▶ **Assigned task**:
For this exercise, copy the data exactly and omit any images.

BEGIN Data section

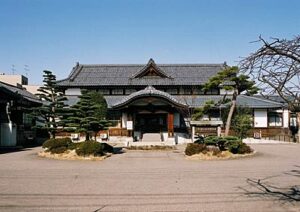 三条市で初の国登録有形文化財への登録が決まった三条市歴史民俗産業資料館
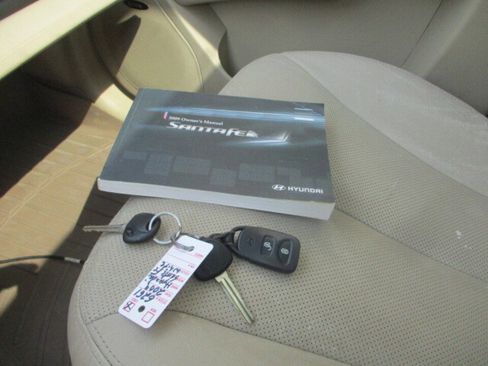 Used 2009 Hyundai Santa Fe Limited image 38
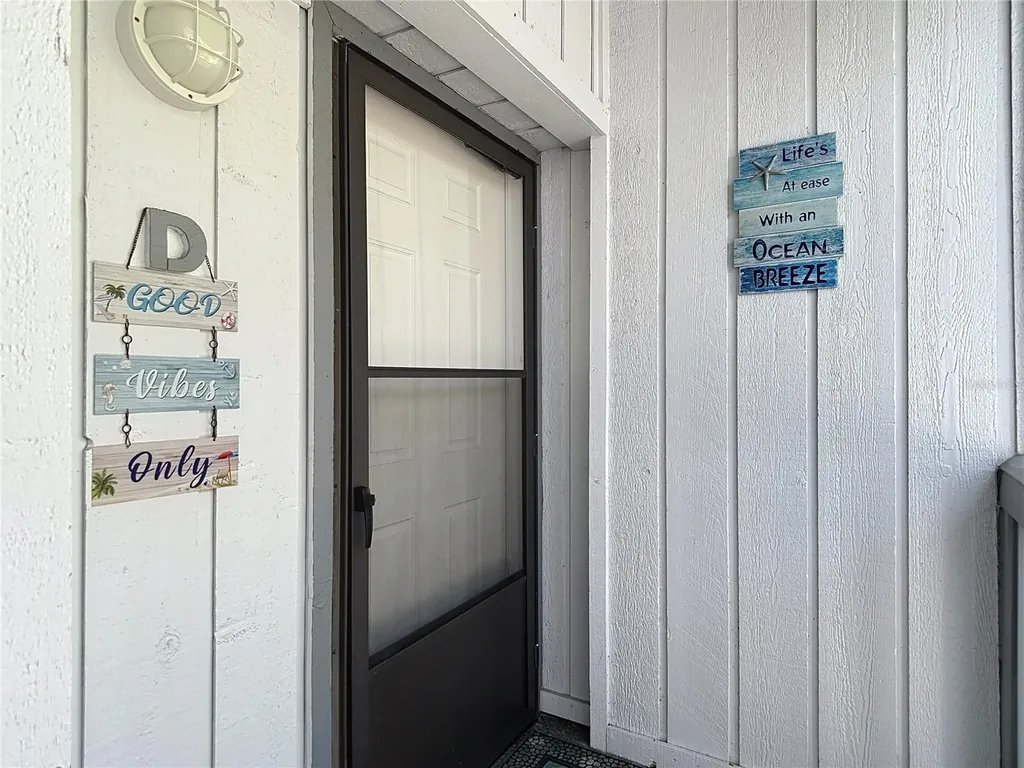 809 Bahia Del Sol Drive Ruskin FL 33570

END Data section

▶ **Written answer**:
 三条市で初の国登録有形文化財への登録が決まった三条市歴史民俗産業資料館
 Used 2009 Hyundai Santa Fe Limited image 38
 809 Bahia Del Sol Drive Ruskin FL 33570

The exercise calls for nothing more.